The men took Ayatollah al-Sistani’s words to heart and swung into action when the next religious occasion arrived in January — the Arbaeen, which marks the passing of 40 days after the seventh-century martyrdom of Imam Hussein, a much revered saint.

The district known for its well-to-do professionals and businessmen took on a religious ambiance of the kind found in Baghdad’s poor Shiite areas or those hosting religious shrines.

Residents practiced the ritual of self-flagellation on the streets, hoisted hundreds of Shiite banners on trees and lamp posts, and served meat and rice from tents pitched on street corners.

In the Baghdad district of Azamiyah, for years a bastion of Sunni resistance to Shiite domination, the government has ignored repeated demands by Sunni residents to remove Ali al-Saadi, a Shiite who heads the local council. They also want to replace Hadi al-Jubouri, another Shiite, who is the district’s mayor. Both men were appointed by the U.S. military authorities in July 2003, when the Sunni insurgency against the American occupation was starting.

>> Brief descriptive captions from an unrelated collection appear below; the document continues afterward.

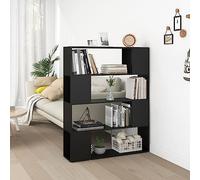 Makastle Bibliothèque avec 4 Niveaux, Meuble de Rangement, Étagère de Rangement, Armoire Présentoir pour Salon, Bureau, Noir 100x24x124 cm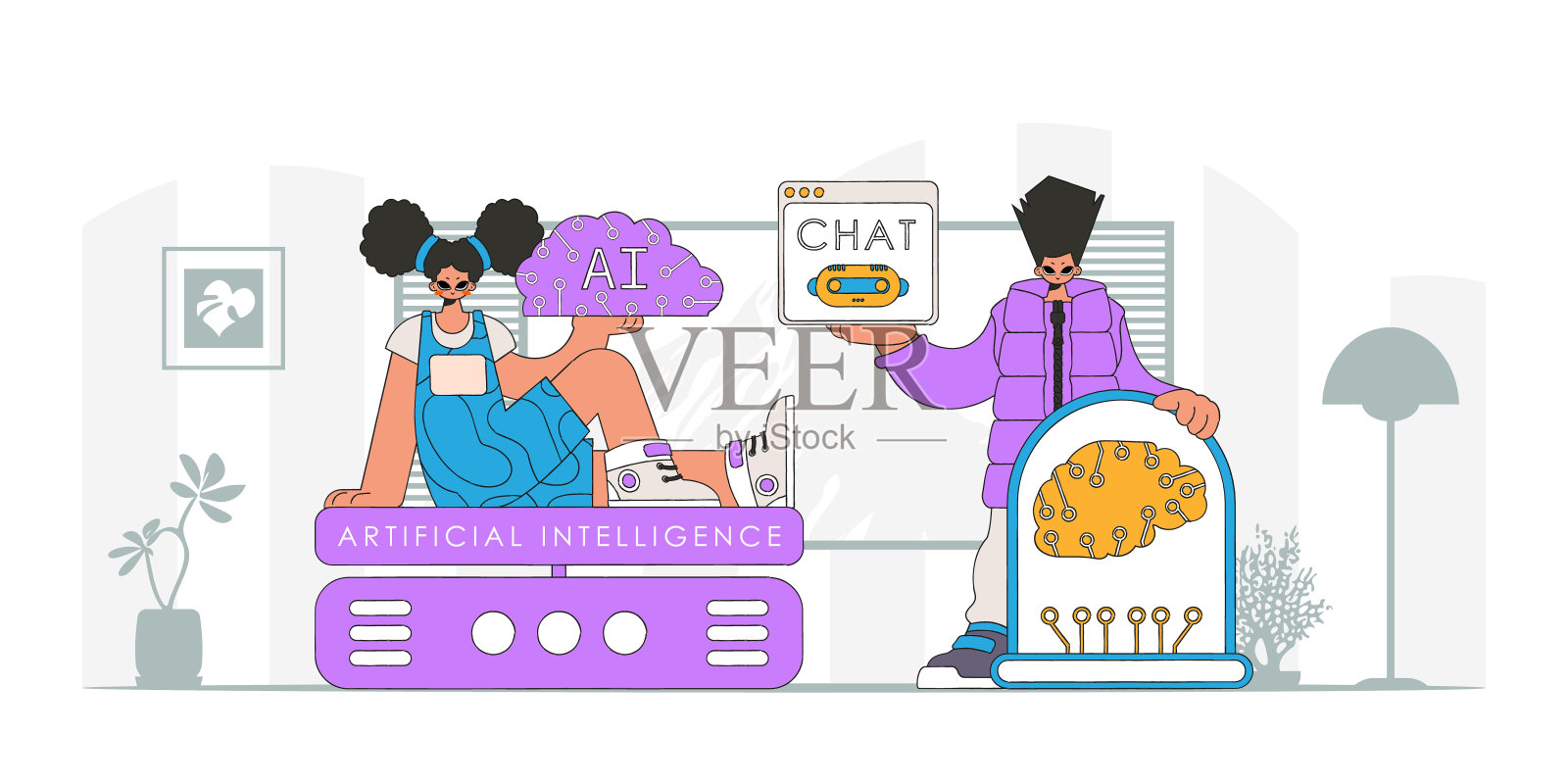 一个男孩和一个女孩的AI二人组，时髦的风格，用矢量插图。插画图片素材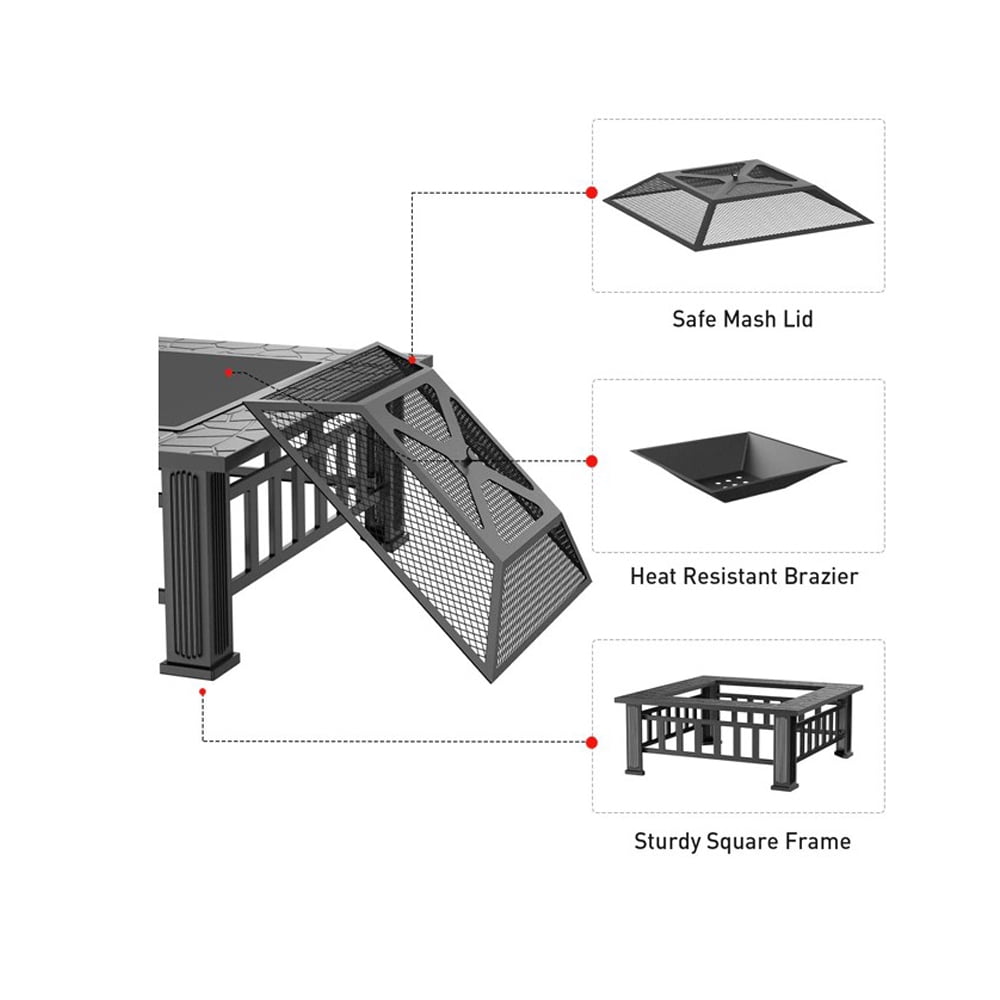 Fire Pit for Outside, 32" Outdoor Wood Burning Firepit with Fireplace Screen, Square Metal Patio Fireplace Tables for Camping, Outdoor Heating, Bonfire and Picnic, Black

Among other perceived injustices, the Sunnis say that Health Ministry officials stonewall them when they seek help locating the remains of loved ones killed during the sectarian violence of the past decade and that, unlike Shiites living in the district, they are not allowed to keep a firearm at home for self-defense.

Sunnis who apply for government jobs also complain of stalling tactics.

A young university graduate from Azamiyah who wanted to be identified as Umm Omar, or the mother of Omar, said she was among 150 candidates selected last year for jobs in the public affairs departments in Cabinet ministries. When she goes to the ministry to find out when she can start work, she is told to come back another time for an update.

“All the Shiites I know who applied with me started work,” said Umm Omar, who did not want to identify herself or the ministry because she feared reprisals. “I think it is because I am a Sunni from Azamiyah, but I will not give up. Jobs must never be given based on sect.”

Higher Education Minister Ali al-Adeeb, a close al-Maliki ally, is accused of implementing sectarian policies thinly concealed behind his goal of purging members of Saddam Hussein’s now-outlawed Baath Party from academic institutions.

He has ordered candidates for senior positions in universities and the ministry to submit declarations on their possible links with the Baath Party or security agencies.

Those found out to have withheld such information are banned from assuming the positions for which they applied, according to an aide to the minister who agreed to talk about the subject only on condition of anonymity.

Sunnis long have maintained that Shiite authorities use Baath ties as an excuse to purge the civil service and academic institutions of members of their community.

Mr. al-Adeeb has fired nearly 200 academic and administrative staff from the state university in the mainly Sunni Salaheddin province north of Baghdad, according to local tribal leaders and officials. The campus is in Tikrit, Saddam’s hometown.